The problem with doing what you're suggesting... reefing the sail on the roller furler until the clew is forward of the mast and then using a single sheet and turning block are:

1) The sail will be very baggy and have lousy shape because of being reefed on a roller furler. Most roller furlers are good for about a 30% reduction in sail area...but more than that, they get really baggy.

2) Unless you're planning on only sailing close hauled, the turning block for the sheet will be too far inboard for the sail to have any decent shape. The clew will be pulled in and destroy any resemblance to an airfoil shape on the jib on any point other than close hauled. 

This second point is kind of the reason they use a traveler track or a jib boom, so that the clew of the sail can move outboard as the sheet is eased...


----------



## AE28 (Jun 20, 2008)

We have a factory-installed Hoyt Jib Boom and it's really great for single handing!!!

I'm not sure what you mean by an "ankle smasher".

It does require permanent modifications and, like all things marine, is expensive.

You're right in your presumption the regular working jib for this set-up is less than 100%.

We also have a 135% Genoa the previous owner added. In an emergency, it can be furled and controlled by the boom, but, as sailingdog points out, it's far from a perfect set-up.

One issue I would caution you is to consider how the rigs you're thinking of will work at, or near, dead down wind. The Hoyt has an optional "extender" which we don't have. Without it, it's virtually impossible to sail wung out in less than 10kts of wind.

Paul


----------



## sailingdog (Mar 19, 2006)

AE28 said:


> We have a factory-installed Hoyt Jib Boom and it's really great for single handing!!!
> 
> I'm not sure what you mean by an "ankle smasher".


That would be the Hoyt Jib Boom or the Camberspar... 



> It does require permanent modifications and, like all things marine, is expensive.
> 
> You're right in your presumption the regular working jib for this set-up is less than 100%.
> 
> ...


----------



## backcreeksailor (Mar 9, 2009)

I'm just trying to visualize this and noodle it through...
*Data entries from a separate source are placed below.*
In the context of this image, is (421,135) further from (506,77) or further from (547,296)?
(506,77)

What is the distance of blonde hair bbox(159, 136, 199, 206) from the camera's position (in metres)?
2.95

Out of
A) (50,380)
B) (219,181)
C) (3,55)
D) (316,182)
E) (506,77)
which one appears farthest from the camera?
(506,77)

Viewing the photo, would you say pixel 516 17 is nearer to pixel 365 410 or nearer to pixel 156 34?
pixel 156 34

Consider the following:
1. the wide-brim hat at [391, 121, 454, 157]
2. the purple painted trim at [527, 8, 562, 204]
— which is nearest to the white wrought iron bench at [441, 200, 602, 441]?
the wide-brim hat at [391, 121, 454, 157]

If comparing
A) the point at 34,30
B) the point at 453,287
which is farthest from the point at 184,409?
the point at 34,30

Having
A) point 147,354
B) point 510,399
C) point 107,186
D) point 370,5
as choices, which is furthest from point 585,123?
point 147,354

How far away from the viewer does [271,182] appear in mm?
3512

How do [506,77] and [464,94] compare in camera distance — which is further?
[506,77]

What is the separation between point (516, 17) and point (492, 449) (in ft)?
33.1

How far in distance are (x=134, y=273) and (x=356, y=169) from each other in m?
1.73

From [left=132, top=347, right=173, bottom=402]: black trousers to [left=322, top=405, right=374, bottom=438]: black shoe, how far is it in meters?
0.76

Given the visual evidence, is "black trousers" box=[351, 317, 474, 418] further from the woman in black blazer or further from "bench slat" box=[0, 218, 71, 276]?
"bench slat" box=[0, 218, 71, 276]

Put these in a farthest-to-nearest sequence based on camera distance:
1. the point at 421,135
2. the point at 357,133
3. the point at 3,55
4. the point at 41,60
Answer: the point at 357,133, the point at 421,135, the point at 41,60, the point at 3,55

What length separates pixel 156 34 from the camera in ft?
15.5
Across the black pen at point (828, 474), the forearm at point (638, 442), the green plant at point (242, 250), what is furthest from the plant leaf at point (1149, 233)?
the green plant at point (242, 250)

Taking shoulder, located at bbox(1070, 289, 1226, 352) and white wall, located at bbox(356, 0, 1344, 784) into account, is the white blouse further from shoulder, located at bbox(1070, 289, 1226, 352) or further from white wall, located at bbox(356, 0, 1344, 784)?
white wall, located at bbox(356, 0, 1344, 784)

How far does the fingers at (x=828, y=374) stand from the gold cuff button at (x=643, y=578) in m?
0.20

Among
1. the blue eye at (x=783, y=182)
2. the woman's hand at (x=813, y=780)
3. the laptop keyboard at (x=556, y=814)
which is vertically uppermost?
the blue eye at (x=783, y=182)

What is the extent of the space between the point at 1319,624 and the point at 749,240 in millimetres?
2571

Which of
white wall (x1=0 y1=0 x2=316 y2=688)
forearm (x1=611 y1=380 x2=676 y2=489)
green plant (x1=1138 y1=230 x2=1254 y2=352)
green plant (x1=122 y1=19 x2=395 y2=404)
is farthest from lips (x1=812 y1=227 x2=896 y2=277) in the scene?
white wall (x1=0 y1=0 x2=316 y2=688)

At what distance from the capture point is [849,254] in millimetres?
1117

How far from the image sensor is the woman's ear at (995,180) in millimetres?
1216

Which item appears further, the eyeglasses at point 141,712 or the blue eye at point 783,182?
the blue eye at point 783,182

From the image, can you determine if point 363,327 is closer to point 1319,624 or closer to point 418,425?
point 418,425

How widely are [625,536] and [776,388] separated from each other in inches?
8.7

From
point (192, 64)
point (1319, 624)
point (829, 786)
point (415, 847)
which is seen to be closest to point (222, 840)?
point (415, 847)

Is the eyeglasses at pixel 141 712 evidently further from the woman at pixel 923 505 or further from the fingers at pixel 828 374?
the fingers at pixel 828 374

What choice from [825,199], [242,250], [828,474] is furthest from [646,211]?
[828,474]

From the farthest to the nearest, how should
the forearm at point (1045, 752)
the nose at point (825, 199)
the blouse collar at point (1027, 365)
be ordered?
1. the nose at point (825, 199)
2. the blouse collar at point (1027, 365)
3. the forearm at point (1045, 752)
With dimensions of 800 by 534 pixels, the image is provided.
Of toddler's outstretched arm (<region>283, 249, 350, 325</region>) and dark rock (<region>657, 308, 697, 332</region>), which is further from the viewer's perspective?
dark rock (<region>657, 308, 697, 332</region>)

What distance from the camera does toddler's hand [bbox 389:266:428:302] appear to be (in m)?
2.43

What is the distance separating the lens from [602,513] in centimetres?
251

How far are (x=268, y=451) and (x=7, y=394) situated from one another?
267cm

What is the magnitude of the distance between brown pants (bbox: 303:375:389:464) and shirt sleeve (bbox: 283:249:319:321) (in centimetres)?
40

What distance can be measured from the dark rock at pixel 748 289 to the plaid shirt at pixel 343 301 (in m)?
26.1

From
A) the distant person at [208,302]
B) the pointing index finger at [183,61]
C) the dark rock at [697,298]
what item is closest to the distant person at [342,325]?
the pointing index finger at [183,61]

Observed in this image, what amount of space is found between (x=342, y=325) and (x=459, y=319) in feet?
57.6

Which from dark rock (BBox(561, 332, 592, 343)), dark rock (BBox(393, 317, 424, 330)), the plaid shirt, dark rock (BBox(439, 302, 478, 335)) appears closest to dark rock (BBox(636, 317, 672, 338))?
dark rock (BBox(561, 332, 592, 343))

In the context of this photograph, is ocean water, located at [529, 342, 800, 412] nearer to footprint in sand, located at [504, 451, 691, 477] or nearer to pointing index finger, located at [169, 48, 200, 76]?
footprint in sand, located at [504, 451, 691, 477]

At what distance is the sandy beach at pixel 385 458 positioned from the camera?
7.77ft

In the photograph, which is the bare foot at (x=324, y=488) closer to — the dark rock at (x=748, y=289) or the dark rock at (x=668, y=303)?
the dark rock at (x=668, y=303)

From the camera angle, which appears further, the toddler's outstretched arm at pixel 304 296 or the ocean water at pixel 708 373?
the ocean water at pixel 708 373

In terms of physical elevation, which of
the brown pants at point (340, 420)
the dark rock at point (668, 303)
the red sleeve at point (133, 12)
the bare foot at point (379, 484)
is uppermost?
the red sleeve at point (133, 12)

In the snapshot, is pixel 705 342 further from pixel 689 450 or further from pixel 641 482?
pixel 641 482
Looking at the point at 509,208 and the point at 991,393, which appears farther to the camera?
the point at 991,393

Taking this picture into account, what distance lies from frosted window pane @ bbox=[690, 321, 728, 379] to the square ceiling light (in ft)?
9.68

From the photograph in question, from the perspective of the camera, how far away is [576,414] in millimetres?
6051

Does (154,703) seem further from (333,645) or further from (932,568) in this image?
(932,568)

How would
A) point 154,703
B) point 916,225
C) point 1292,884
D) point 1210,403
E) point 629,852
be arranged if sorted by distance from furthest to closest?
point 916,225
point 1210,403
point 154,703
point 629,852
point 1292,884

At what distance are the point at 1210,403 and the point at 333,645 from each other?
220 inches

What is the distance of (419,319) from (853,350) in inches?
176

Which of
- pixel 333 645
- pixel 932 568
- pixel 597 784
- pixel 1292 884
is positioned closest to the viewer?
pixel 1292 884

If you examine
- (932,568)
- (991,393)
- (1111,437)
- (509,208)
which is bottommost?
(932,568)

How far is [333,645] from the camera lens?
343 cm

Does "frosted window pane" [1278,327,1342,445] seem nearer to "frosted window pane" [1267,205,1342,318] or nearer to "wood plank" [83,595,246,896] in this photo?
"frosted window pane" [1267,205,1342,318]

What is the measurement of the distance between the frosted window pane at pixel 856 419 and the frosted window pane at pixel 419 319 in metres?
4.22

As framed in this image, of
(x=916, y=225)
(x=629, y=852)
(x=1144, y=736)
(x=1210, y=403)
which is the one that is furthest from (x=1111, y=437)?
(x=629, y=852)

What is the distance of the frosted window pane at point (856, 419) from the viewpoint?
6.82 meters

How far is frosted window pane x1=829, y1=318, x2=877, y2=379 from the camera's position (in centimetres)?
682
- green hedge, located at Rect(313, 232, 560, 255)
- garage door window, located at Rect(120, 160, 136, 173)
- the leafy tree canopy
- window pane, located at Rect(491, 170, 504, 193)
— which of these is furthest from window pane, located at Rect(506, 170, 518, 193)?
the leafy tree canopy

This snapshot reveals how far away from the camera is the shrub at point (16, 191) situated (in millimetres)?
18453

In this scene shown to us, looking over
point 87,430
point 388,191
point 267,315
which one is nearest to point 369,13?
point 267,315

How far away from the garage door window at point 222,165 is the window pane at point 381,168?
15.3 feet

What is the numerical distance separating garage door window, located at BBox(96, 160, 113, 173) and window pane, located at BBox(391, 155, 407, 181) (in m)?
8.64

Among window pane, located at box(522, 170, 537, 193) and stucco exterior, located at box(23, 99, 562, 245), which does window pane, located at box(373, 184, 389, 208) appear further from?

In the turning block at the foot of the mast scenario. A single sheet would be tied to the clew, fed through a turning block at the forward base of the mast, and the other end of the sheet would come back to the cockpit where it could be paid out or pulled in for trim. 

Ignoring the efficiency of furling the jib clew to the front of the mast for a moment (because a smaller jib "could" be used)... This setup would only allow the clew to travel from one lifeline to the other, (e.g. close hauled to a border line close reach). Otherwise when the sail went up and over the lifeline even with lifeline rollers, the downward angle of the sheet to the turning block would have it sawing against the top of the lifeline and destroying the sail shape.

BUT... what if instead of attaching the block to the "base" of the mast you attached it to the spinnaker pole ring moved down to a point that was near level with the topmost lifeline? Wouldn't that allow the clew to travel outboard as far as you wanted without any downward force causing the sheet to be bent over the top of the lifeline? 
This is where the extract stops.